The Industry, through its choice of representatives, encourages disorder. It has created an idea of beauty and happiness and repeated that single, harmful message ad nauseum until the pattern of thought in certain members of the Audience's individual component has become immovable. When the Industry packages a Product, in this case, a human being, they place it onto a pedestal, for a select mass, this becomes the only way to be. To be any other way is simply unacceptable, or so the Industry says.

In no way am I suggesting that individuals who fall for this are suggestible, or mindless cattle shepherded by supermodel dogs and their media masters, the Industry is a clever machine that knows how to Influence the Audience better than anything - it's had a lot of practise. But when it holds this sort of Influence and so heavily promotes a negative body image, it's no surprise that people become disordered and illnesses such as anorexia, bulimia and manic depression are plaguing society.

The media creates a no-win situation. First, the Influence subtly causes the 'Individual' to begin their negative behaviour. This is because of Industry programming, the Individual believes, whether this belief is subconscious or conscious, that if they achieve the promoted image, they too will be happy and beautiful.

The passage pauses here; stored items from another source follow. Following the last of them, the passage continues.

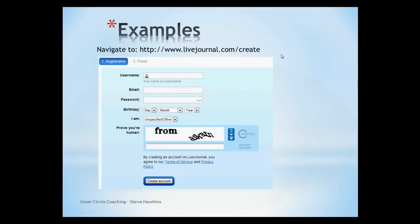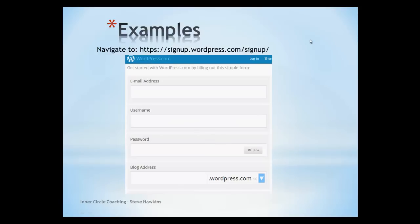Here's an example of one of the sites you can navigate to: livejournal.com/create. We see this page where we add in our username, email, password, date of birth, and the CAPTCHA itself, then simply click 'Create Account' — the account gets created and a verification email is sent. For WordPress, you go to signup.wordpress.com/signup, enter your details, and click Create. With WordPress there's also a paid option, and I'll show this in a live example.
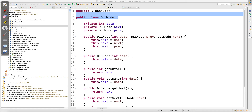Hey guys, welcome back. In this video I will talk about how a doubly linked list node will look like and what are the members of a doubly linked list node. In a singly linked list, a node always has data and a pointer to the next node. But in the case of a doubly linked list, there's a difference.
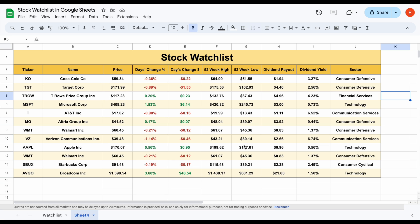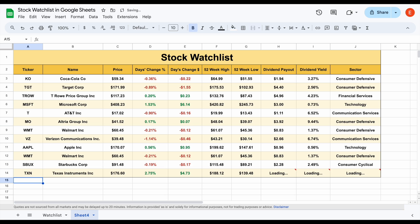We pretty much have a completely automated and finished stock watch list in Google Sheets with live stock data. Let's test it out again — maybe instead of AVGO we want to look at Texas Instruments. I'll plug in TXN and hit enter, and all this data is going to automatically load in. Our stock watch list is finished, but if you want to make it even better, I'll show you a couple more tricks for tracking international stocks, other metrics, and automating the process even more.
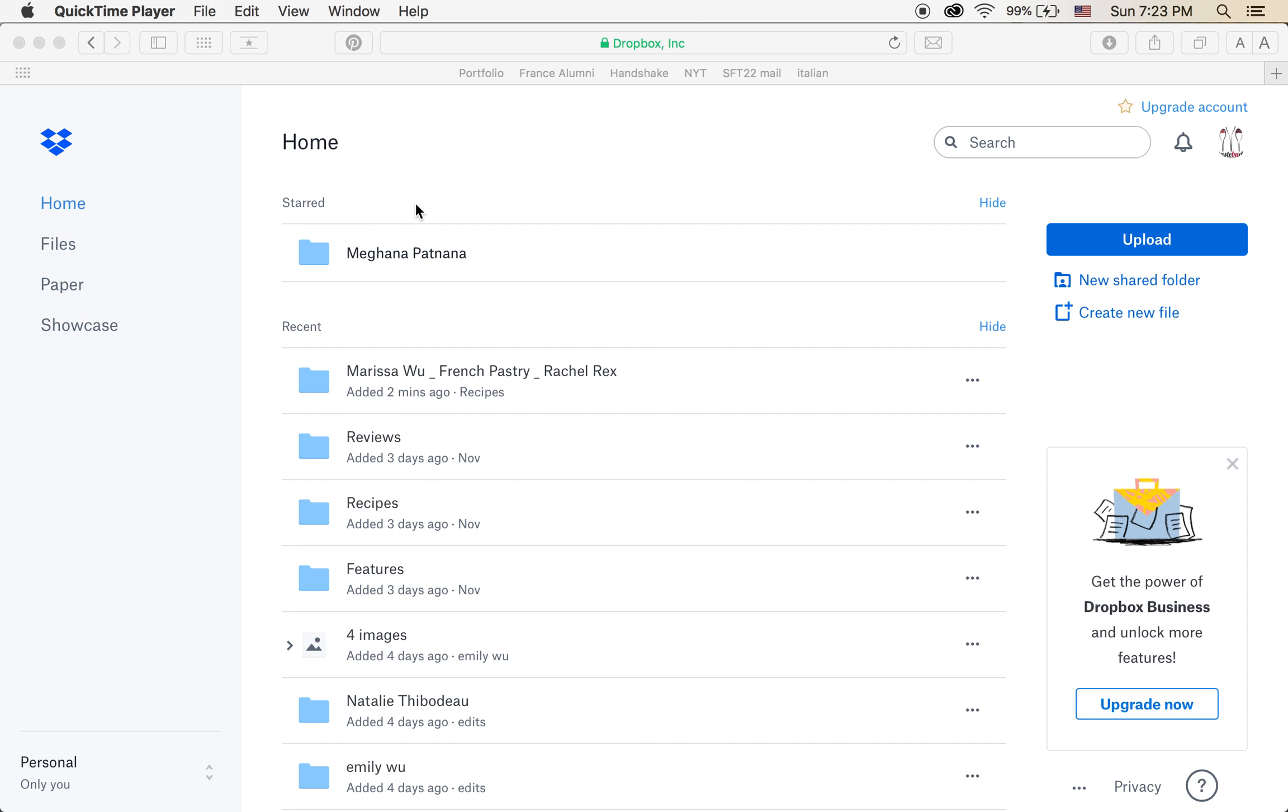Hi everyone, it's Marissa. I'm the Managing Editor of TasteBuds and I'm going to show you how to file away your photos when you're submitting something for a story.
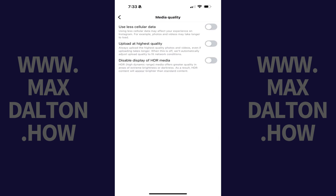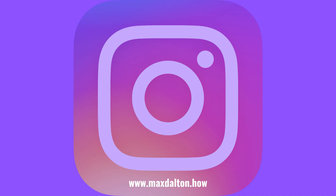Step 4. Tap to toggle on Disable Display of HDR Media. Displaying HDR media in your Instagram feed will be disabled going forward.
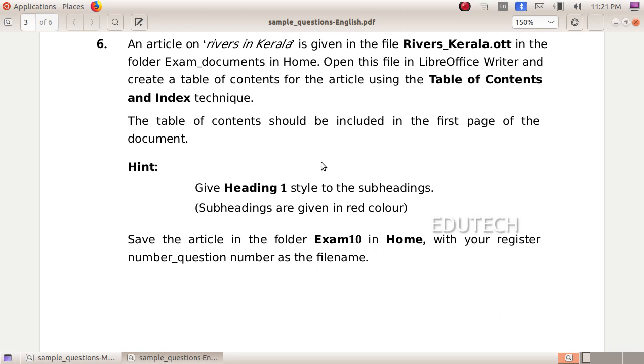An article on rivers in Kerala is given in the file Rivers.Kerala.ott in the folder Exam Documents in Home. Open this file in LibreOffice Writer and create a table of contents for the article using the table of contents and index technique. The table of contents should be included in the first page of the document. Give heading 1 style to the subheadings. Subheadings are given in red color. Save the article in the folder Exam 10 in Home.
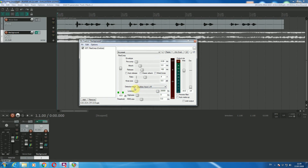The main thing is this: the detector input — that needs to be set to auxiliary input. That means it's detecting the volume of the first track in order to know when to compress the second track.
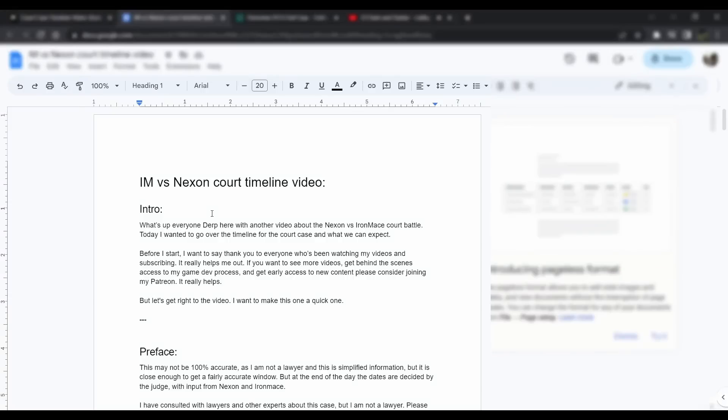What's up everyone, it's Derp here with another video about the Nexon versus Iron Mace court battle. Today I wanted to go over the timeline for the court case and what we can expect from that.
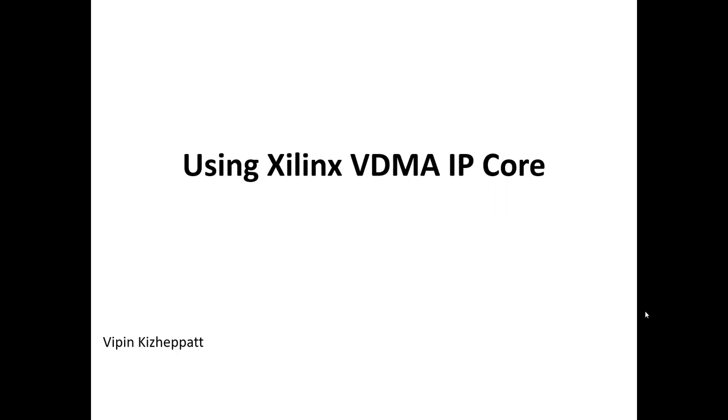Hello all, in the last tutorial we have seen how to use Xilinx AXI-4 stream interface IP and we generated some dummy data using a data generator and displayed it on our monitor.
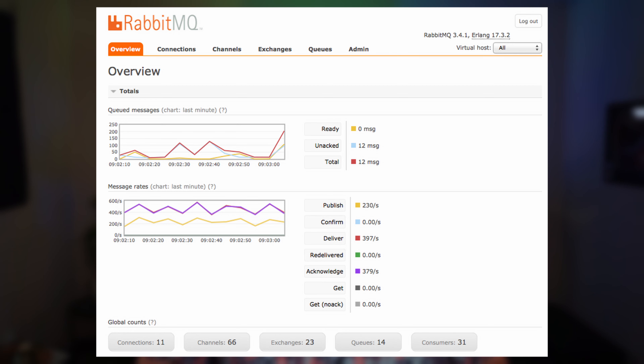We don't need to implement JMS from scratch — there are implementations already done that we can use. My favorite is called RabbitMQ. I like this one because it's high speed, it's very flexible, and it has a great admin dashboard for seeing all the stats about what's happening. This includes things like how fast things are going through the queue, how fast things are being acknowledged, and whether or not things are actually getting delivered.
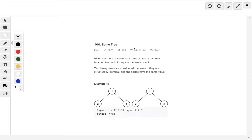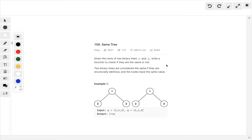Question 100, LeetCode, Same Tree. Given the root of two binary trees P and Q, write a function to check if they are the same or not. Two binary trees are considered the same if they are structurally identical and the nodes have the same values.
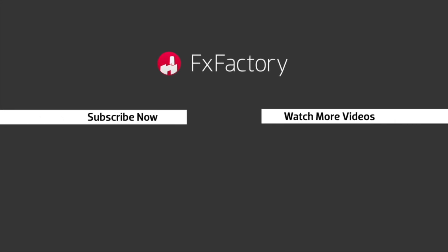FX Factory offers a huge selection of great effects, and if you don't have them yet, I suggest you go try them out at fxfactory.com. Subscribe to this channel for more great videos every week. Thank you.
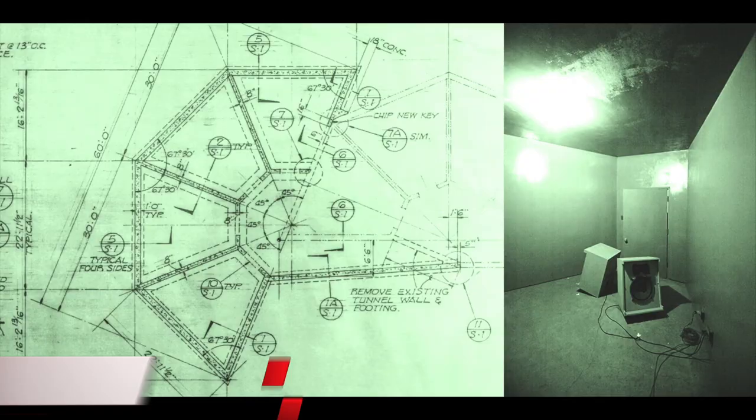On test this month, Universal Audio's models of the world-famous underground reverb chambers at Hollywood's Capitol Studios,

This is extremely harmful, unfortunately for the Individual, and a further damning indictment of society. Anorexia has the highest mortality rate out of any other mental disorder, and when the Individual, through personal realization or external guidance, decides to free themselves from the Influence, the Industry lays a gauntlet before them.

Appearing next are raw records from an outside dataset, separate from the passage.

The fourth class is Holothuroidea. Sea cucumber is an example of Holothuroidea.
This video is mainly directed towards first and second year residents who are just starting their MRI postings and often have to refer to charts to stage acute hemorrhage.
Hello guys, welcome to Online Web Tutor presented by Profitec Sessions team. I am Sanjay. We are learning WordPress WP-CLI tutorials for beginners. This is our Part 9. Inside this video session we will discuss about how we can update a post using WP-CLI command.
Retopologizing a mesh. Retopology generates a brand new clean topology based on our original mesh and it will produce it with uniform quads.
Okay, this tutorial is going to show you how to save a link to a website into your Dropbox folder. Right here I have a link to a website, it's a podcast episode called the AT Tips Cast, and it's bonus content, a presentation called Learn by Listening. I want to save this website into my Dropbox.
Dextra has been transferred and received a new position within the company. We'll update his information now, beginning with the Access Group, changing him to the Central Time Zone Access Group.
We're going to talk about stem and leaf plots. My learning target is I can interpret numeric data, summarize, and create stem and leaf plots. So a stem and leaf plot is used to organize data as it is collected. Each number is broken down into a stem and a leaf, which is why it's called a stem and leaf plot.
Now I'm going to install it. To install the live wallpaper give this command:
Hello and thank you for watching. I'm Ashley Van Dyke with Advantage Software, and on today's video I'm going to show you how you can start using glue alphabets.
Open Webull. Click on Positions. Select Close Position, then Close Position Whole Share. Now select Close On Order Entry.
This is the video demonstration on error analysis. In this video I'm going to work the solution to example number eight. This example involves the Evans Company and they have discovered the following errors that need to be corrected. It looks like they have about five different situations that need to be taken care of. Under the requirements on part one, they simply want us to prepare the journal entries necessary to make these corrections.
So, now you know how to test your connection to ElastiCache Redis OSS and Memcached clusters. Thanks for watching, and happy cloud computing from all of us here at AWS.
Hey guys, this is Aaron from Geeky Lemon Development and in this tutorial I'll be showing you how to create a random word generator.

For the majority, adverts trying to make you more aware of what you eat, or telling you to look after your weight, watch your sugar or calorie intakes, or to buy this butter because it has less saturated fats in it or whatever unnecessary bulletins they use to guilt trip people into buying their Product are harmless. The Audience thinks "Oh, perhaps I should consider buying Product X instead of Product Y, it's better for me"

The Reformer - an Individual in the process of removing the Industry's Influence - is vulnerable to such messages. It's a constant barrage of information that the Reformer takes as orders, thus creating a new Influence. This can make a reformation of normal human instinct and behaviour difficult, nigh on impossible. I'm not suggesting that the media actively encourages negative behaviours and promotes anorexia and bulimia (Though it's an idea I'm open to) , what I'm suggesting is that it discourages a removal of the Influence it subtly exerts.

The disorders I have chosen to use as examples are not media created. There are examples of them dating hundreds of years back, and it's no post-modernist culture phenomenon. But the Industry certainly creates thousands of false ideas of happiness, a mass illusion it uses to create a dependency on consumerism.

These are just some of my thoughts on this matter. I'm likely to expand upon them in the future, but if you've read this far, thank you, I'd love to read individual thoughts and opinions.